Maybe more like FreeBSD vs Windows and you’re trying to write a UI application, but technically you can use C on both platforms so it’s the same right?

Thanks for the chuckle in these dreary times...

By the way do you actually think syntactic differences are all that separate languages so once you know the general syntax you pretty much know the language, or are you pretending to not know how programming in multiple languages actually works to prove a point?


Haha oh god, in one fell swoop you’re acting like writing Android apps is just knowing how to write Java and writing Java is just like writing any Algol-like.

A: I've written a couple.

B: Anyone who knows any ALGOL (exception: 68), Pascal, Oberon, so forth, will get Java in minutes.

You have no idea what Android is if you think it’s development process vs Java (which Java? Embedded Java, desktop with JavaFX? Server side?) is like FreeBSD vs NetBSD.

Maybe more like FreeBSD vs Windows and you’re trying to write a UI application, but technically you can use C on both platforms so it’s the same right?

You're demonstrating reasoning flaws, alongside misinterpreting my words. Writing an application for, say, NeXT, back in the day, isn't different at all from writing a modern Mac application. What you do carries over. It's the same basic steps every time. Write a desktop Linux application, write a desktop Windows application, write a Mac application, write an iOS application, write an Android application. You'll have to use a few different wrappers or libraries, but it's not a new skillset.

You claimed that learning a new language is giving yourself a new skillset. It's not with the majority of languages, especially languages like Java, which introduce little compared to their immediate predecessors outside of syntax changes.

By the way do you actually think syntactic differences are all that separate languages so once you know the general syntax you pretty much know the language, or are you pretending to not know how programming in multiple languages actually works to prove a point?

This is a frankly ridiculous comment.
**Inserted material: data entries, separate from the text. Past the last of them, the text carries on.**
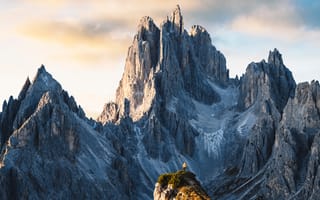 Картинка Кадини ди Мизурина, доломитовые горы, Италия, смотровая площадка, запас, один, моторола край 30 нео, живописный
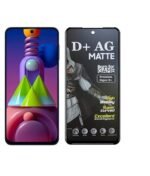 D+ Matte Tempered Glass With 18H Hardness For Samsung Galaxy M51 Smartphone (Pack Of 1)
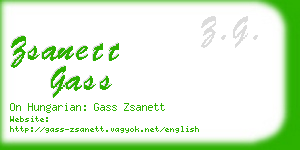 zsanett gass business card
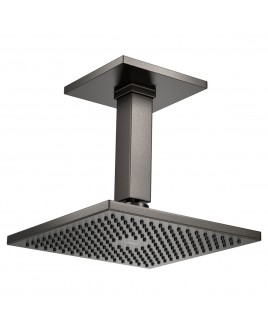 Chuveiro com tubo teto quadrado antracite 1992.GF.TET.MT Chuveiro com tubo teto quadrado antracite 1992.GF.TET.MT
ALGOL-derivatives grab more from ALGOL than syntax, and some don't borrow syntax at all. Any Pascal programmer can go from writing Pascal to Oberon to Java to ALGOL to Go with ten minutes per language, in any order, despite the differences in syntax. The languages are not differentiated strongly enough to matter; that C programmers could go to writing Java in the span of a day was a major selling point that Sun used, and C and Java are more different (though again, not that different) than any of the previously-listed languages.

Any J programmer can go from J to APL to K to Nial trivially as well, despite vast differences in syntax. Knowing one or the other doesn't mean you have a differing skillset.
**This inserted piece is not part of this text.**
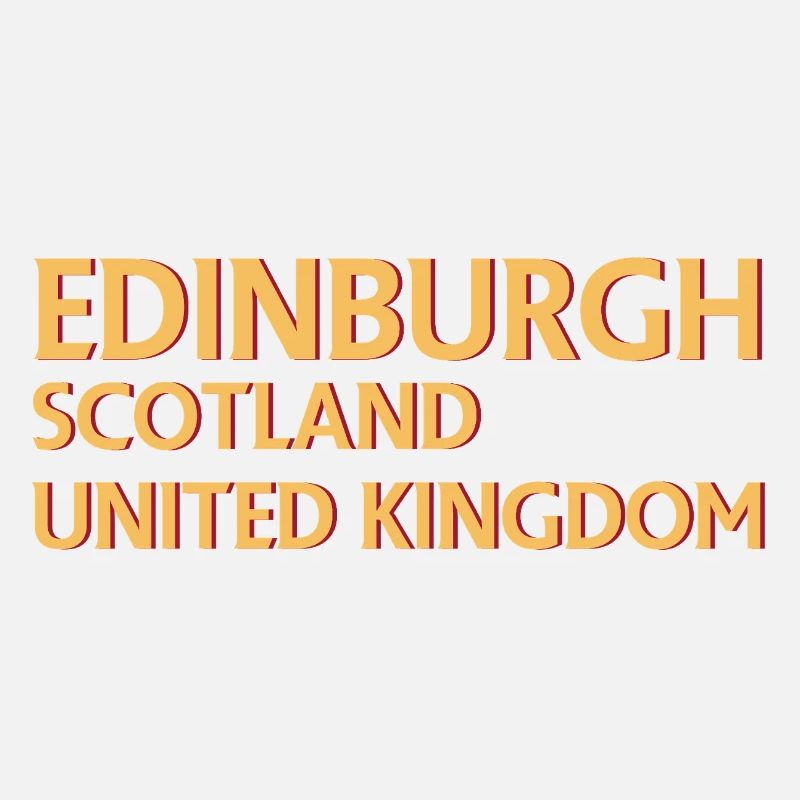 Edinburgh – Scotland Textdesign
The same is true for most Lisps (Connection Machine Lisp being an exception, as a counter-example; despite that, knowing any of these isn't a new skillset).

Just because something requires you doing something slightly and superficially different than what you were already doing doesn't mean it's magically a new skillset. Defining finding new libraries as "new skillsets" is just silly, and erodes the meaning of the term.


> Any Pascal programmer can go from writing Pascal to Oberon to Java to ALGOL to Go with ten minutes per language, in any order, despite the differences in syntax.

I don’t know if you actually believe this, or you’re defining write as in literally type letters that compile instead of being able to write useful productive code in each.

The rest of your comment is more wtfs kind of like that one.

This is not a productive use of my time because either you have no idea what you’re talking about, or you do but you’re intentionally throwing basic reasoning skills straight out the window and leaning heavily into playing games with semantics to support your point at all costs.

Now I’ll be charitable and assume the latter, but if that’s your goal, then what more is there to say?

Yes, Android vs Java is a pink bicycle vs a green one. Pat yourself on the back for that revelation.


The Java runtime ships with some 17,000 classes. Ten minutes leaves you prepared to poorly reinvent thousands of wheels.